First draw the circuit with positive power at the top negative at bottom, power currents generally flowing down, and signals feeding left to right. If you do that, two useful things happen. First, many circuits will be drawn similarly most of the time, and you learn to recognize them after a while. Second, you will confuse yourself and anyone you ask to help you less in what is actually going on and what you hooked up where.
Redrawing the schematic so as to better illuminate the circuit, we have:
It is obvious why the LED doesn't come on, or blips on for a short time at best. That is because it is in series with capacitor C1. Capacitors block DC current. There can't be any sustained current thru the LED.
What you probably intended was something like this:
This allows the capacitor to be like a small reservoir for the LED. It will keep the LED lit for a short time after the transistor is shut off.
With this circuit you can see how a little base current can control a larger collector current, which is how a bipolar transistor is used to make circuits with gain.

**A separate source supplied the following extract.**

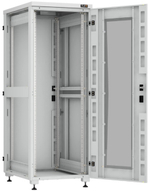 Шкаф напольный 19", 33U TLK TFI-336080-GHMH-R-GY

However, the values don't seem right for what I think you want this circuit to do. Most LEDs are rated for 20 mA maximum, so R2 should be sized to that this can't be exceeded. Let's say it's a green LED and drops 2.1 V at full current, and that the transistor would drop another 200 mV. That leaves 9.0V - 2.1V - 200mV = 6.7V accross R2. From Ohm's law, 6.7V / 20mA = 335Ω, which is the minimum resistance to keep the LED current within spec. Therefore use the next higher common value of 360 Ω. That still results in nearly 19 mA LED current. You won't notice the brightness difference between 19 mA and 20 mA even in a side by side comparison.
Another problem is that there isn't enough base current to reliably light the LED to its full value. Let's say the B-E junction drops 600 mV, then there is 8.4 V accross R1, which results in 84 µA. Let's say you can count on a gain of 50, so the minimum LED current is only 4.2 mA. That's enough to see it light up on your desk, but not to reach full brightness. In reality, you will likely get a gain higher than 50, so you will get more LED current, but relying on that is bad design.
Let's work backwards to see what R1 should be to fully turn on the LED. Again we'll assume the transistor has a gain of 50, and we've already said the maximum LED current is about 20 mA. 20mA / 50 = 400µA. With 8.4 V accross R1 from above and using Ohm's law again, the maximum R1 value is 8.4V / 400µA = 21kΩ, so the common value of 20 kΩ would make this a nice and reliable circuit if the intent is to light the LED to full brightness.
A Wimshurst machine works by that process.
It puts charge on plates which are close together, then moves the plates apart to generate a high voltage.
When I was at school, in the '70s, a kid made one using PCB material for the disks, and gramophone needles to create the initial charge. The 'work' was done by an electric motor. Based on the length of spark it generated, I think it produced over 200,000V.
His dad took it work, where they designed telephones, and tested early electronic telephones with it.
Best Answer
It's like the "paradox" of the immovable object meeting the irresistible force. In reality, neither can exist.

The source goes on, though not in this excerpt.